In China, a government watchdog revealed that some $10 billion in fraudulent trade has occurred within the country. The 6-month investigation revealed that many import and export numbers were falsified, allowing billions in illicit funds to be diverted into the shadow economy. With the expectation of an impending regulatory crackdown on the news, the yuan and the industrial metals (one of China's largest exports) fell, while the Hang Seng Index also slid.
Yesterday's sale of Russian bonds finally went through following 9 straight weeks of cancellations. The ruble gained following the sale, helped by the de-escalation by both sides in the Ukraine conflict.

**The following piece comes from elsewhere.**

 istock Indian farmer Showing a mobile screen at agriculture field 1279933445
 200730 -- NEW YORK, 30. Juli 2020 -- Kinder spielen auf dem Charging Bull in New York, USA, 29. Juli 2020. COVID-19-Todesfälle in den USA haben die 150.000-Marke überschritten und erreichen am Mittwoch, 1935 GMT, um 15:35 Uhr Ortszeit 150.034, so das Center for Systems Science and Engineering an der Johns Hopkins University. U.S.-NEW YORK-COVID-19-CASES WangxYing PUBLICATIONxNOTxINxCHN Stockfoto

Additionally, Russia's central bank added 232,510 troy oz (over 7 tonnes) of gold to its reserves in August, bringing the total to 1,112.5 tonnes of the yellow metal. The Russians were not alone in this endeavor, as their neighbors in Kazakhstan (+24.7 tonnes), Azerbaijan, and Ukraine all made deposits to gold reserves. The Turkish central bank also added 3 tonnes of gold to its reserves, bringing its total to 511.6 tonnes--the 12th highest gold reserves in the world, according to the IMF. These net gold buyers appear to be strategically hedging against the upheaval and uncertainty in the regions surrounding the Levant and the Black Sea.
Economic News Affecting Gold
New home sales jumped 18% in August, reaching a 5-year high. Taken in tandem with a 14-year low for first-time jobless claims, all indications point to a quickening pace for economic growth in the U.S.
Durable goods orders in the U.S. fell by 18.2% in August, however, somewhat dampening dovish activity in the markets. This followed a staggering 22.5% increase in durable goods orders for July; both volatile swings represent record changes, but each are skewed by orders for commercial aircraft, which were abnormally high in July before falling back to earth in August. At the same time, capitals goods orders (a measurement of corporate investment) climbed higher than expected in August. Low jobless claims and greater investment in business equipment are good indicators that U.S. firms expect greater economic growth in the fourth quarter.
In policy news, Dallas Federal Reserve President Richard Fisher observed that the Fed's hyper-accommodative stimulus and monetary policies have generated potential bubbles, especially in the junk bond market, due to a growing lack of risk aversion among equities investors. Similarly, Euro stocks rose on Draghi's assertion that the ECB will do "whatever it takes" to kickstart the economy. Fisher predicted that the markets will continue to "test" the Fed and the ECB on these easy-money policies as they seek out higher and higher yields with less aversion to risk.
Thursday marks the options expiry for gold and silver on the Comex, as investors must close out or rollover their positions on the metals. The consumer sentiment index and GDP growth data will both be released on Friday morning.